小池会見の詳報記事も参照しましたが、以下のような記述しかなく、結局、今日明日は勿論のこと、3ヶ月や半年といった生活者の立場においては「長期間」と言うべきスパンでも明快な方向性は提示できていません
>>> (略)

30万人分(3000カ所)の認可保育所を緊急に増設する
 ――待機児童問題は、認可保育所の増設で解決することを原則として確立する

 1点目は、認可保育所を緊急に増設することを大原則にして、30万人分、約3000カ所の認可保育所を緊急に増設することです。

 当面の緊急対策も、認可保育所が建設されるまでの一時的な措置であり、保育士の配置など「保育の質」を確保するということを明確にしなければなりません。

 安倍政権の緊急対策は、「質の低下は仕方がない」というものです。しかし、子どもの発達・成長の権利を保障すること、保護者が安心して預けられるというのはギリギリの要求であり、当然の願いです。この願いに向き合うことなしに問題は解決しません。

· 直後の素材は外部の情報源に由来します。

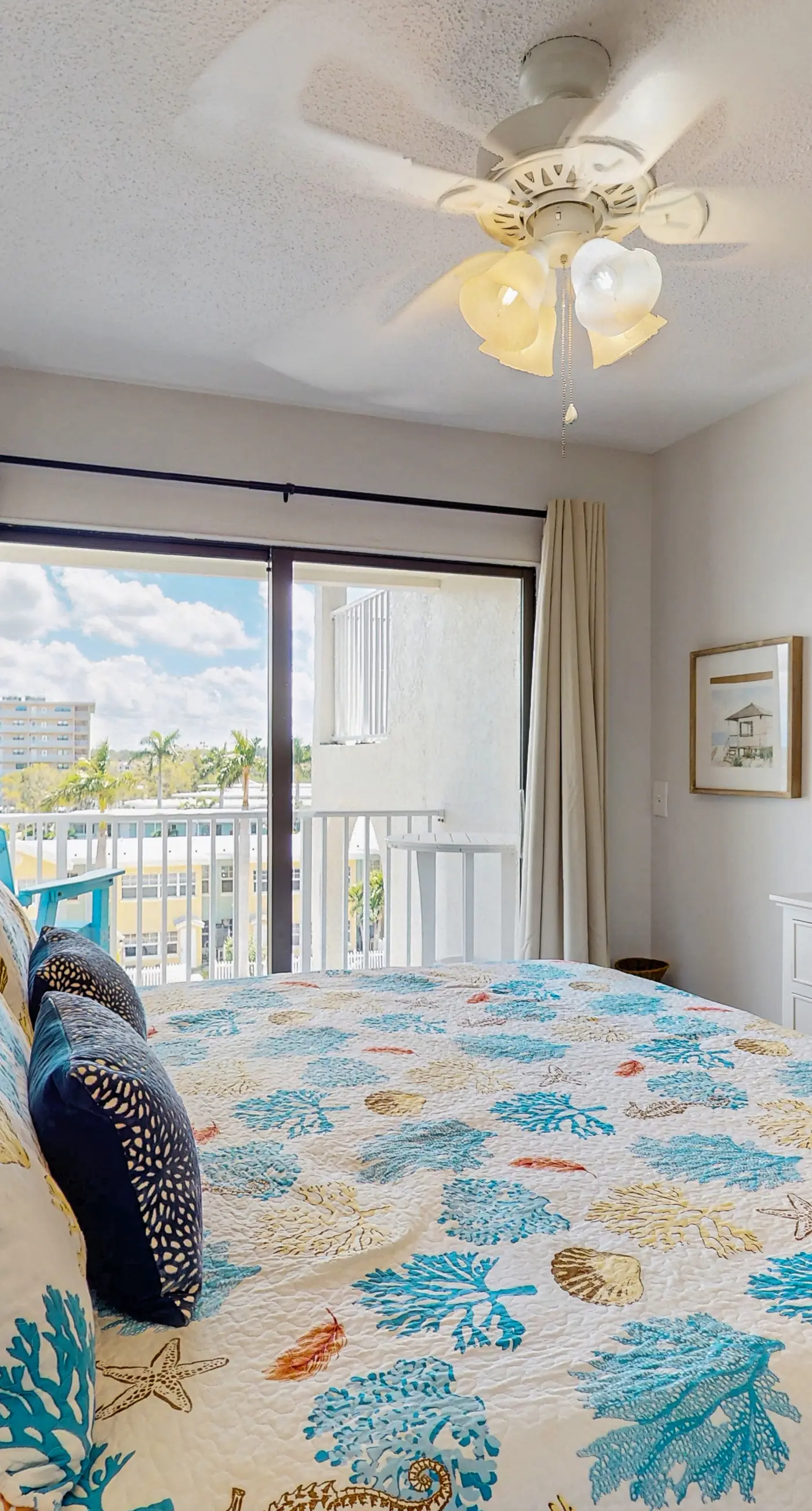 Spacious beachfront condo with lovely Gulf views balcony heated pool and AC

 日本共産党は、緊急の目標として、30万人分、約3000カ所の認可保育所を数年程度を目途に建設することを求めます。1970年代には10年間で8000カ所の認可保育所をつくった経験もあり、その気になればやれる課題です。

 実際の保育ニーズを国や自治体が把握していないので、「これで十分」というわけではありません。あくまで緊急の課題として、少なくとも数年のうちに整備しようという提案です。


(略)<<<
また、数年以内の認可保育所大増設の現実性について、日本共産党は「1970年代には10年間で8000カ所の認可保育所をつくった経験もあり、その気になればやれる課題」などと評価していますが、1970年代と2010年代の社会経済構造に関する「科学の目」の分析がまったく欠如しています。それでいてその気になればやれる課題」とは、もはや観念論という他ほかありません。

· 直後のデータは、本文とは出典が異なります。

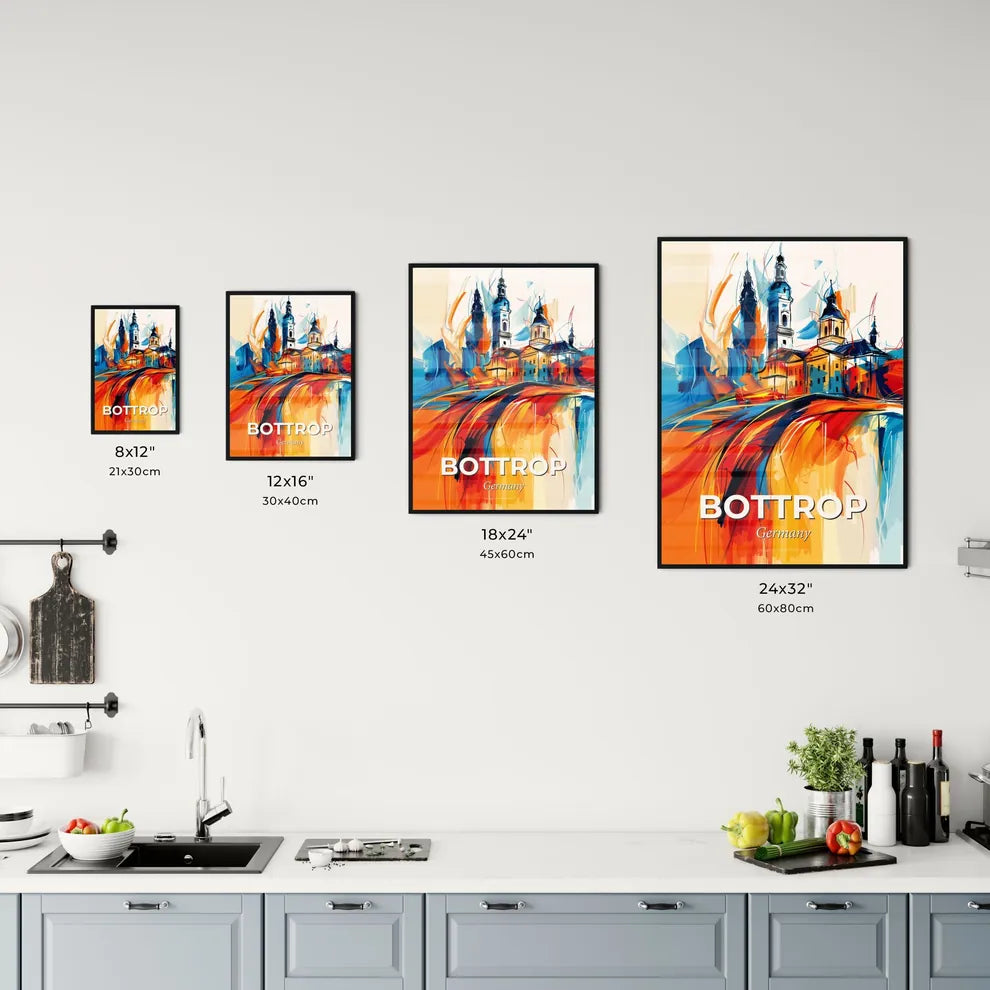 Vibrant Bottrop, Germany Kitchen Art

もっとも、「二十一世紀の早い時期に民主連合政府を実現する」という「気長」な構想に比べれば、「数年程度を目途に」など、直近の計画になるのでしょう。それが日本共産党の「時間感覚」なのでしょう。時間の基準を遠い将来を思い描く観念に据えてしまうと、どうしてもこういう感覚になってしまうものです。しかし、それは人々の、生活の現実に根ざした時間感覚ではありません

「偉大な革命」による社会改造は今日明日のうちには成就しませんが、人々の生活は今日も明日も不断に続きます。そうした人々の生活上の欲求に応える「生活主義」の立場に立てば、「生活者は、『遠大な構想』ではなく『直近のパッチ対応』を求めている」と言うべきでしょう。そして、仮に「遠大な構想」を立てたとしても、それはあくまで「直近のパッチ対応」の積み重ねの上に花咲くもの、決して「革命的なもの」ではなく「漸進的なもの」になるほかありません。たとえ一見して「革命的激動」に見えるものでも、水が水蒸気に「革命的に」変化するのと同様に、不断の蓄積(水→水蒸気の場合、熱エネルギーの蓄積)があってこその事象です。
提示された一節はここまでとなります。